◆ **What to produce**
In the records below, find the line with "Rana bebé ducha" and repeat exactly every line from it through the line with "PC Fulset Core". Pictures stay out.

◆ **Excerpted records**
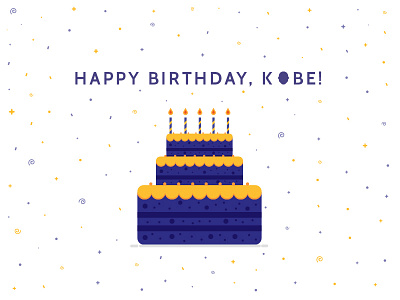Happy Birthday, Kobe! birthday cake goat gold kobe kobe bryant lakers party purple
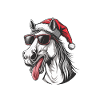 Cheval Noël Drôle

--

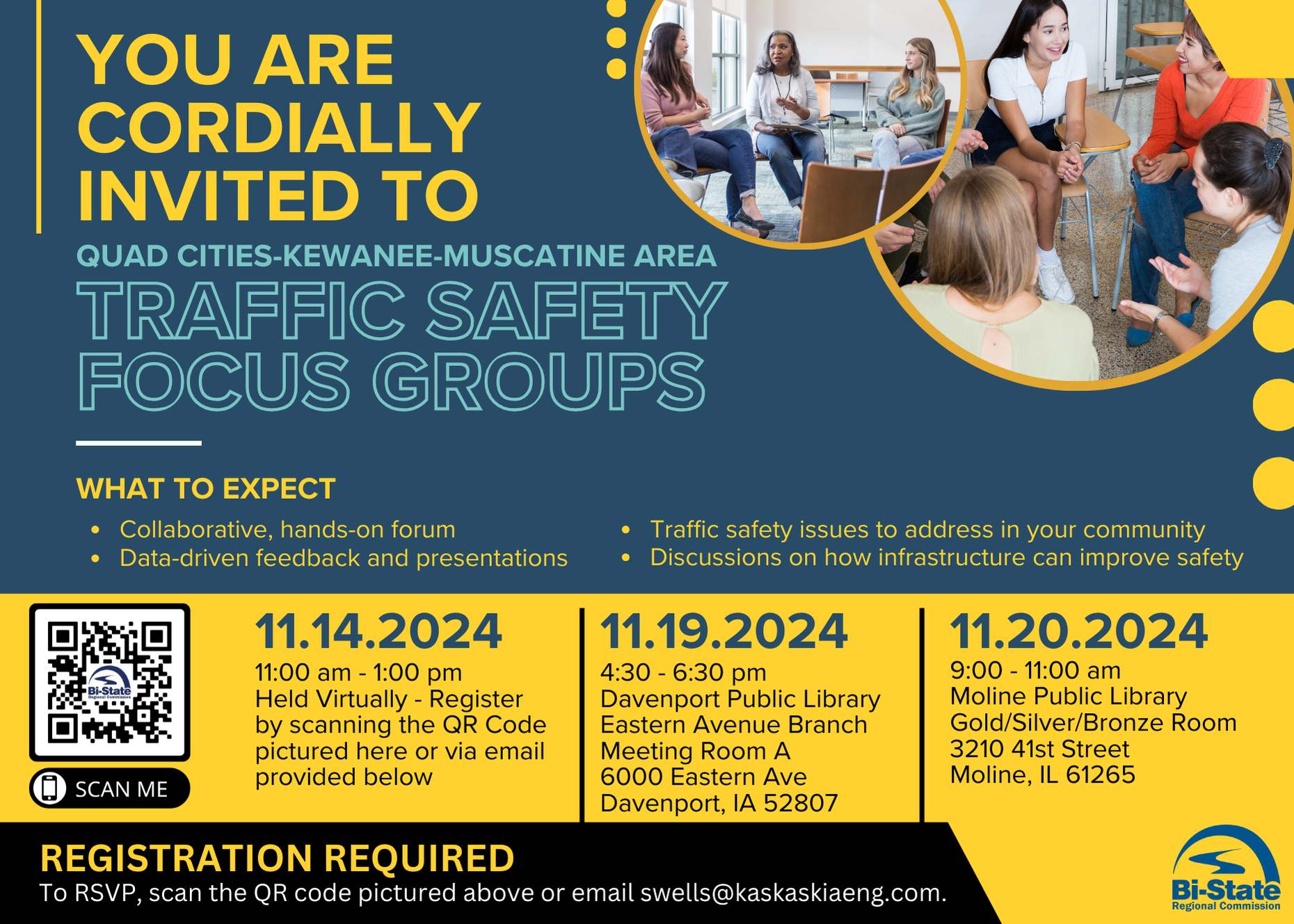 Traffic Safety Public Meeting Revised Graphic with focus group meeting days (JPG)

==

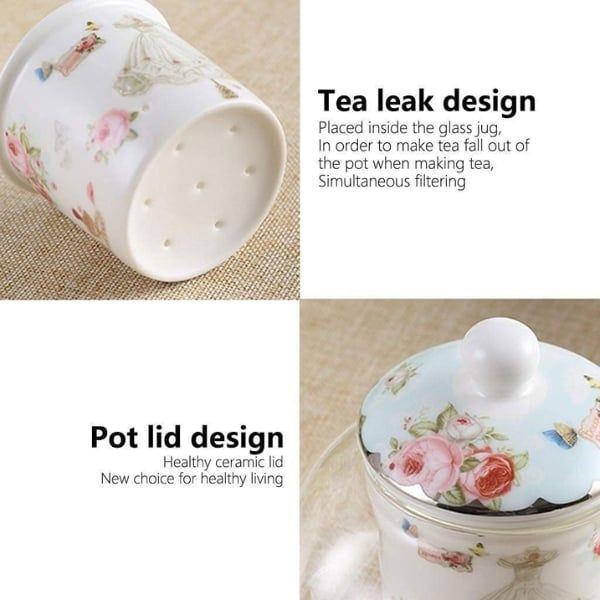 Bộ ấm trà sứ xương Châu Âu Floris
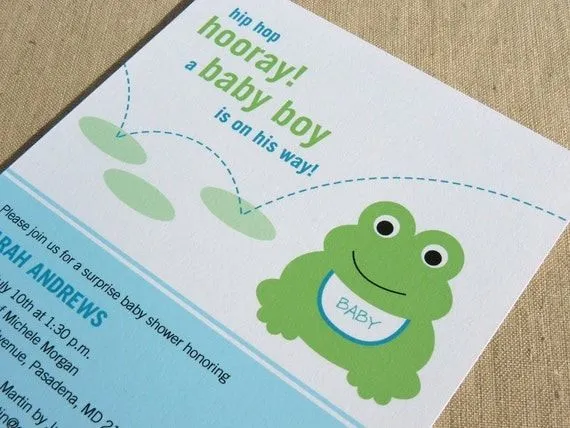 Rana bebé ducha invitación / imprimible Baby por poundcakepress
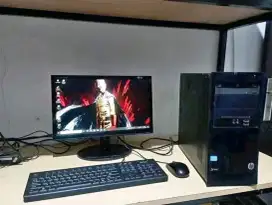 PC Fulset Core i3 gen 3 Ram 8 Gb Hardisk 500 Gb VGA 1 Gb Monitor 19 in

◆ **Worked solution**
 Rana bebé ducha invitación / imprimible Baby por poundcakepress
 PC Fulset Core i3 gen 3 Ram 8 Gb Hardisk 500 Gb VGA 1 Gb Monitor 19 in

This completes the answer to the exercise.